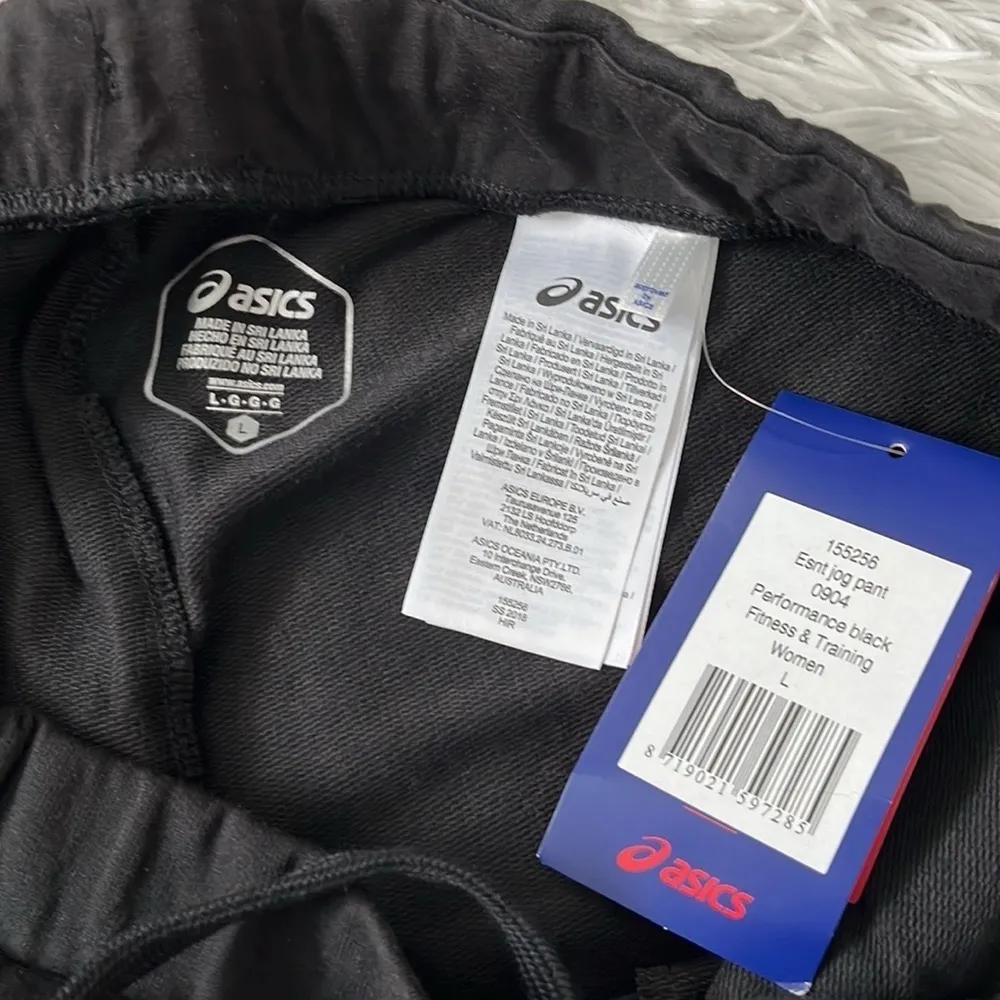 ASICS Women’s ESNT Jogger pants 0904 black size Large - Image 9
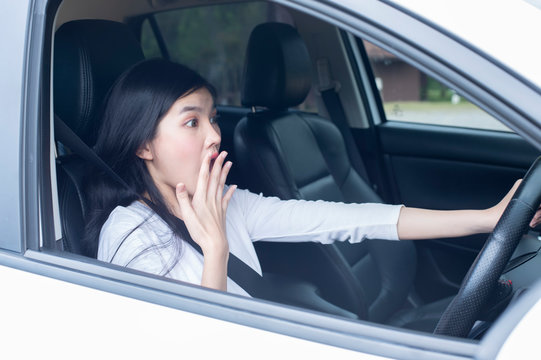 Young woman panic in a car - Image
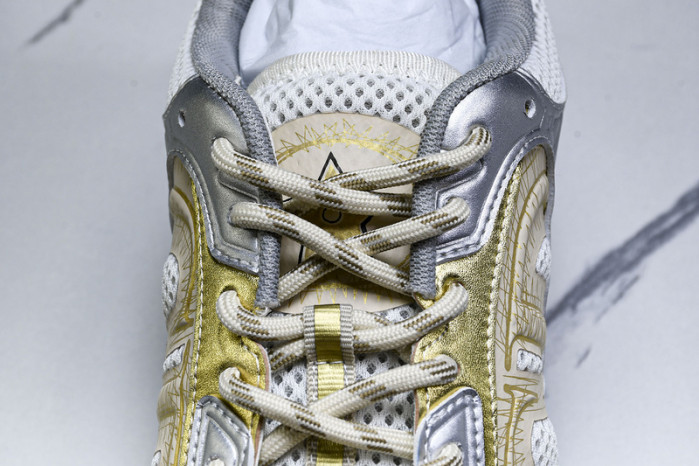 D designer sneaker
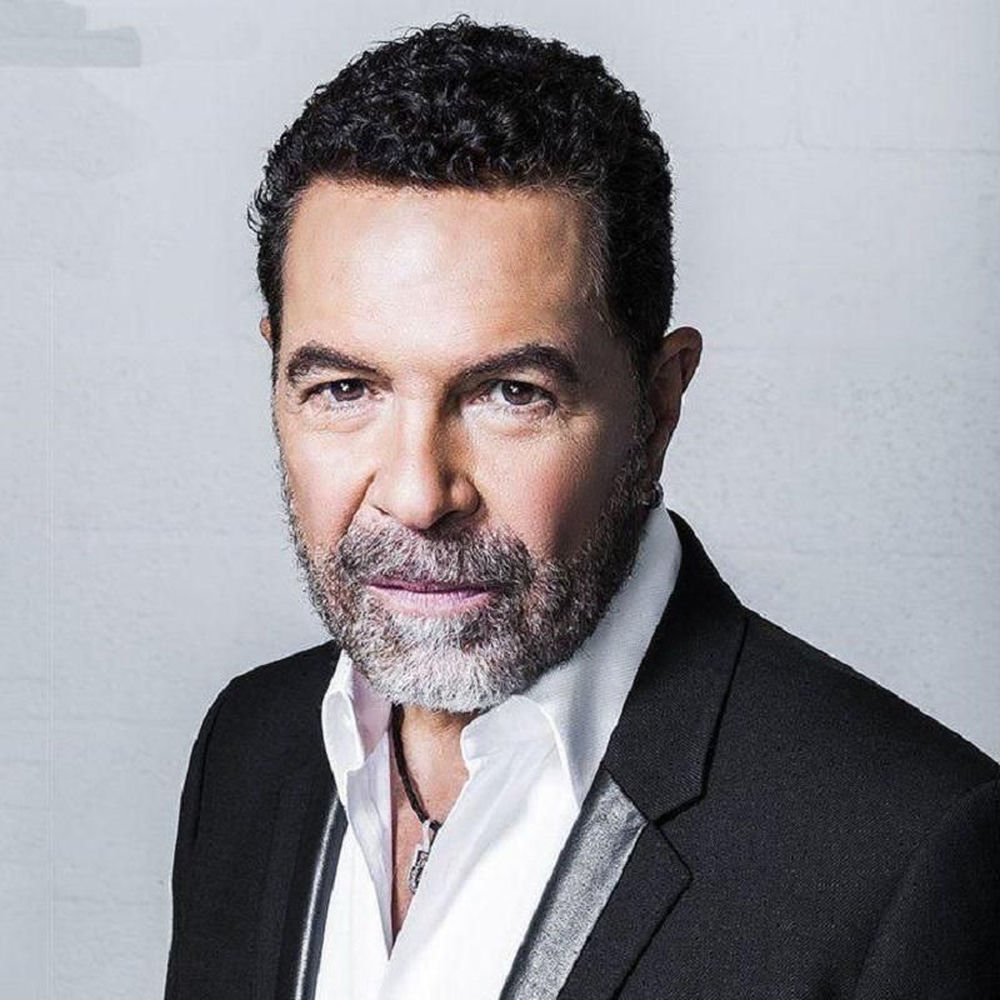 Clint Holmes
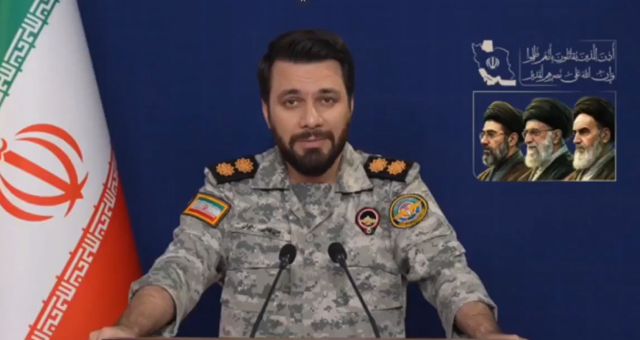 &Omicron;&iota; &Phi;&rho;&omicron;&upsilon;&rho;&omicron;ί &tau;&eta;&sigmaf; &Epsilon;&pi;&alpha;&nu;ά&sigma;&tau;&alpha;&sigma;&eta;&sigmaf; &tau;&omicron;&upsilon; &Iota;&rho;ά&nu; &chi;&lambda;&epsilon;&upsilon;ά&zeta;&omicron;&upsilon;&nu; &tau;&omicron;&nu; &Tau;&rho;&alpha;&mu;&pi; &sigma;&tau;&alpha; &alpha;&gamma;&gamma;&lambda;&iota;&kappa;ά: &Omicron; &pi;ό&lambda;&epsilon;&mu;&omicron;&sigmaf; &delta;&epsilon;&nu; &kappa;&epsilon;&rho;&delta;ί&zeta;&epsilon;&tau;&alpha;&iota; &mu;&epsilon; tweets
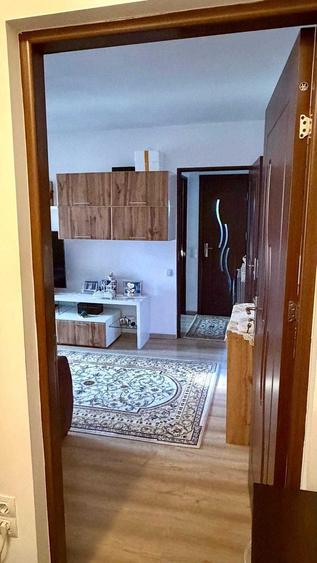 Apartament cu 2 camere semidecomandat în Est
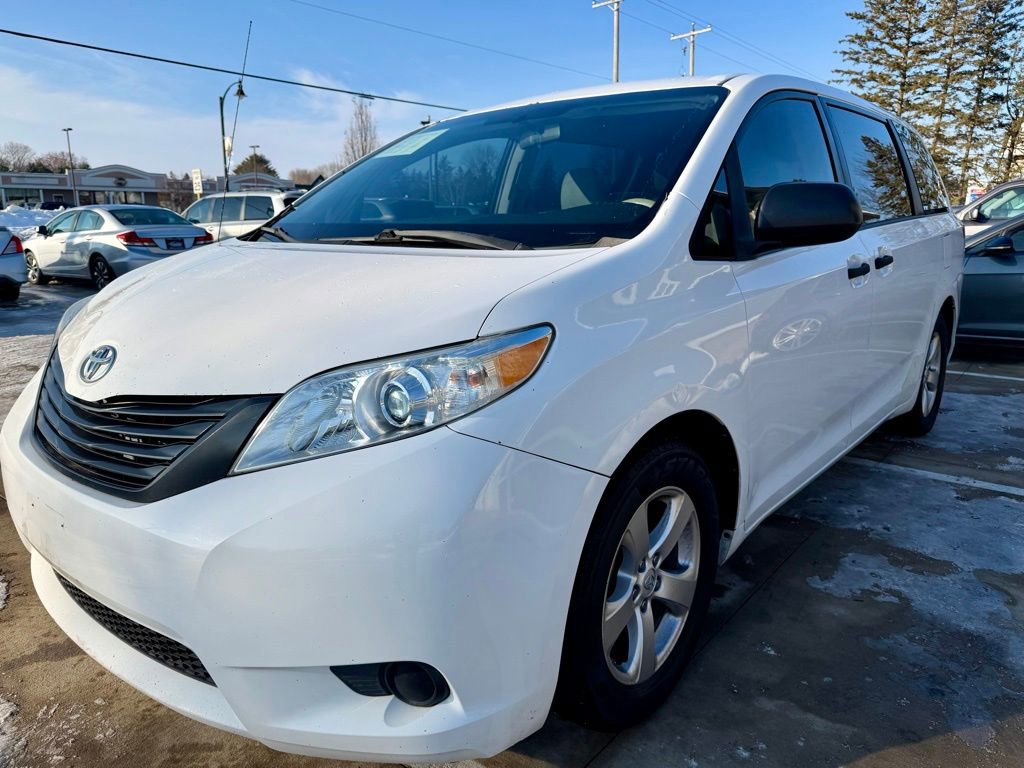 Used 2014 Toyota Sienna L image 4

········

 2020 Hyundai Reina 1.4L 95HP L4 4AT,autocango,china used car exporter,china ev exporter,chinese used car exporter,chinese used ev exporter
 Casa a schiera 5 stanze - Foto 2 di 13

········

- [TASK DIRECTIONS]: For this exercise, return exactly the lines above from the line with "ASICS Women’s ESNT" through the line with "Used 2014 Toyota Sienna L image 4", both included. Do not copy the pictures.

- [RESPONSE AREA]:
 ASICS Women’s ESNT Jogger pants 0904 black size Large - Image 9
 Young woman panic in a car - Image
 D designer sneaker
 Clint Holmes
 &Omicron;&iota; &Phi;&rho;&omicron;&upsilon;&rho;&omicron;ί &tau;&eta;&sigmaf; &Epsilon;&pi;&alpha;&nu;ά&sigma;&tau;&alpha;&sigma;&eta;&sigmaf; &tau;&omicron;&upsilon; &Iota;&rho;ά&nu; &chi;&lambda;&epsilon;&upsilon;ά&zeta;&omicron;&upsilon;&nu; &tau;&omicron;&nu; &Tau;&rho;&alpha;&mu;&pi; &sigma;&tau;&alpha; &alpha;&gamma;&gamma;&lambda;&iota;&kappa;ά: &Omicron; &pi;ό&lambda;&epsilon;&mu;&omicron;&sigmaf; &delta;&epsilon;&nu; &kappa;&epsilon;&rho;&delta;ί&zeta;&epsilon;&tau;&alpha;&iota; &mu;&epsilon; tweets
 Apartament cu 2 camere semidecomandat în Est
 Used 2014 Toyota Sienna L image 4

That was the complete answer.